Prove that if $ 2^n $ divides $ 3^m-1 $ then $ 2^{n-2} $ divides $ m $

Question

I got a difficult problem. It's kind of difficult to prove. Can you do it?

Let $ m,n\geq 3 $ be two positive integers. Prove that if $ 2^n $ divides $ 3^m -1$ then $ 2^{n-2} $ divides $ m $

Thanks :-)

Answer 1

This statement is a vacuous truth, meaning that the condition $3^m \equiv 0 \mod{2^n}$ is never satisfied.

Answer 2

Because $n \geq 3$ we get $8 \mid 3^m-1$ and so $m$ must be even .

Let $m=2^l \cdot k$ with $k$ odd . Now use the difference of squares repeatedly to get :

$$3^m-1=(3^k-1)(3^k+1)(3^{2k}+1)\cdot \ldots \cdot (3^{2^{k-1} \cdot l}+1)$$

Each term of the form $3^s+1$ with $s$ even has the power of $2$ in their prime factorization exactly $1$ because: $$3^s+1 \equiv 1+1\equiv 2 \pmod{8}$$

Also $k$ is odd so :

$$3^k+1 \equiv 3+1 \equiv 4 \pmod{8}$$ has two factors of $2$ .

Finally the term $3^k-1 \equiv 3-1 \equiv 2 \pmod{8}$ has one factor of $2$ .

This means that $3^m-1$ has $1+2+l-1=l+2$ two's in his prime factorization .

But $2^n \mid 3^m-1$ so $n \leq l+2$ and then $l \geq n-2$ .

This means that $2^{n-2} \mid m$ as wanted .

Answer 3

We show by induction that for any $m$ of the form $2^n q$ where $q$ is odd and $n\ge 0$, the highest power of $2$ that divides $3^{m}-1$ is $2^{n+1}$.

For the base step $n=0$, consider $3^{q}-1$. Since $3^q\equiv 3\pmod{4}$, it follows that $3^q-1$ is of the form $4t+2$, so the highest power of $2$ that divides it is $2^1$.

Now we do the induction step.

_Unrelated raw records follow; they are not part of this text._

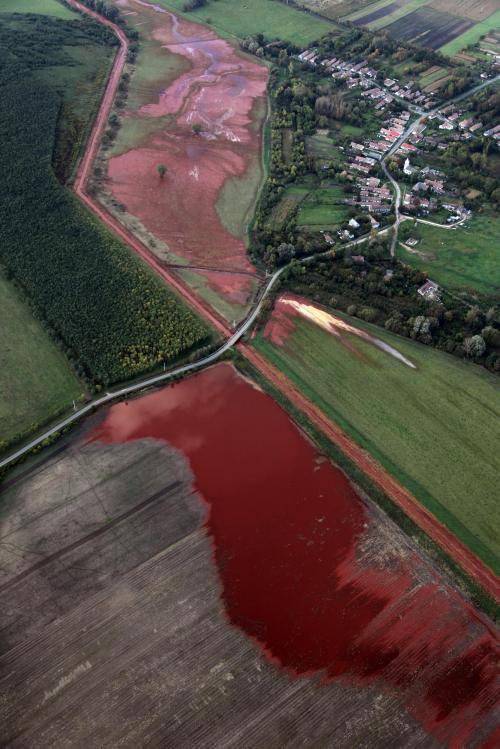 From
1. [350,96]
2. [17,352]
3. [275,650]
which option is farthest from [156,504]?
[350,96]

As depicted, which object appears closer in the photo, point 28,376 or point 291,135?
point 28,376

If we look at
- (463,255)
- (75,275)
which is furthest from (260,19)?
(75,275)

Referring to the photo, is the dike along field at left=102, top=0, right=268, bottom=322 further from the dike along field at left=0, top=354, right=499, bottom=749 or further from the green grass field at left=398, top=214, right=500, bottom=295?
the green grass field at left=398, top=214, right=500, bottom=295

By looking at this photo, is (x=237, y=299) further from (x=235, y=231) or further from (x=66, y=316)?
(x=66, y=316)

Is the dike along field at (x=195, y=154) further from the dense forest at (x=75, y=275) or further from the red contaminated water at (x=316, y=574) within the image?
the red contaminated water at (x=316, y=574)

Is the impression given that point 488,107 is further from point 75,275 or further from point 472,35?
point 75,275

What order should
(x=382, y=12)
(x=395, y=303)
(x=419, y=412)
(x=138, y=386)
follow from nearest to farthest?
(x=419, y=412) < (x=138, y=386) < (x=395, y=303) < (x=382, y=12)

Suppose that the result is true for $n=k$. We show the result is true for $n=k+1$.

Consider $3^{2^{k+1}q}-1$, where $q$ is odd. This is equal to $$(3^{2^k q}-1)(3^{2^k q}+1).$$ By the induction hypothesis the highest power of $2$ that divides $3^{2^k q}-1$ is $2^{k+1}$. It is clear that the highest power of $2$ that divides $3^{2^k q}+1$ is $2^1$. So the highest power of $2$ that divides $3^{2^{k+1}q}-1$ is $2^{k+2}$. This completes the induction step.